Muskoka Lakes Museum
- Established: July 2, 1967
- Location: Port Carling, Ontario, Canada
- Type: History
- Founder: Marion Catto

= Muskoka Lakes Museum =

Independent non-profit community museum

Muskoka Lakes Museum is an independent non-profit community museum, focusing on the history of the Muskoka Lakes. It is located in James Bartleman Island Park and accessed by footbridge from the village of Port Carling in the Township of Muskoka Lakes, District of Muskoka, in Ontario, Canada.

The museum features six exhibition spaces focusing on First Nations and area pioneer history, the history and culture of boating and boat-building in the Muskoka Lakes region, cottages and resorts from the mid-1800s to the mid-1900s, and a gallery for local art exhibits.

The museum is open annually from Victoria Day until the Canadian Thanksgiving Day weekend.

Many programs at the museum are for children, including school group activities, day-camper programs in the summer, children's parties and outdoor games alongside interactive exhibits.

The museum also offers walking tours of the village of Port Carling, lecture series, trivia nights, and traditional craft workshops.

== History ==
The idea for the Muskoka Lakes Museum was conceived when Marion Catto started the Port Carling Historical Society on September 9, 1961.

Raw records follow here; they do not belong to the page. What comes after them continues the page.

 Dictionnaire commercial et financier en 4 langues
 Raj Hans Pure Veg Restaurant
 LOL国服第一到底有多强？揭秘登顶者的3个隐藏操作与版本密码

The Muskoka Lakes Museum was first opened on July 2, 1967, under the name “The Port Carling Museum”. The sign that was displayed above the front entrance at the time of opening, and now hangs in the museum's Marine Room.

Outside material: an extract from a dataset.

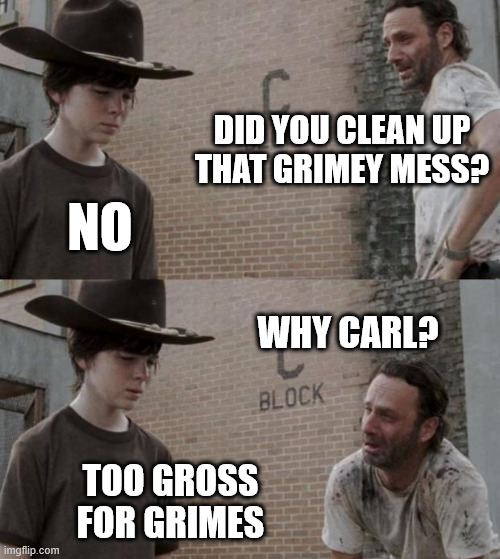 Gross Gritty Grimes | DID YOU CLEAN UP
THAT GRIMEY MESS? NO; WHY CARL? TOO GROSS
FOR GRIMES | image tagged in memes,rick and carl,grimey mess,too gross for grimes,hvac humor | made w/ Imgflip meme maker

In 1972, the museum added the Catto Wing, named in honour of Marion Catto and her husband, Lieutenant-Colonel Catto. As collections grew, other additions were added in 1976, 1977, and again in 1983.

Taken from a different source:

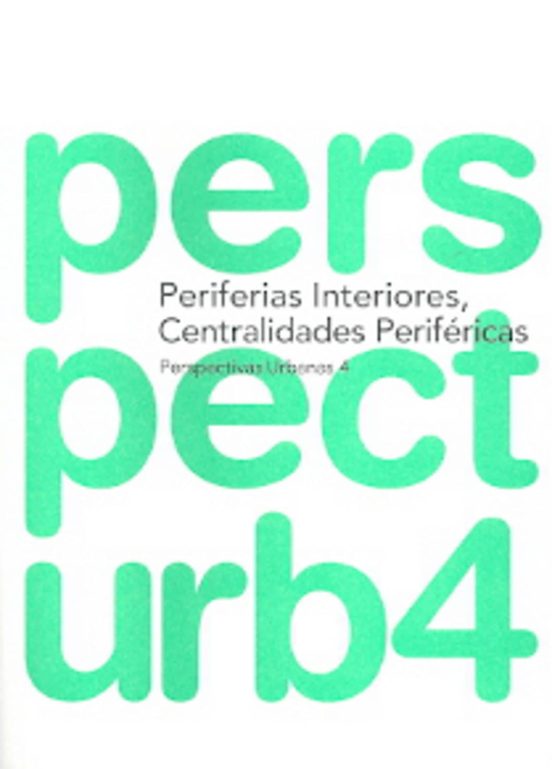 Perspectivas Urbanas 4. Periferias Interiores Centralidades Peri Feric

In 1982, the museum purchased a log cabin, built in 1875 in the nearby village of Glen Orchard. The structure was disassembled, moved, and reassembled at the museum in 1983, and opened officially to the public on July 14, 1984.

In 1989, the Board of Directors changed the name of the museum to the “Muskoka Lakes Museum” in order to be able to represent and serve all of the Muskoka Lakes District and not just the village of Port Carling.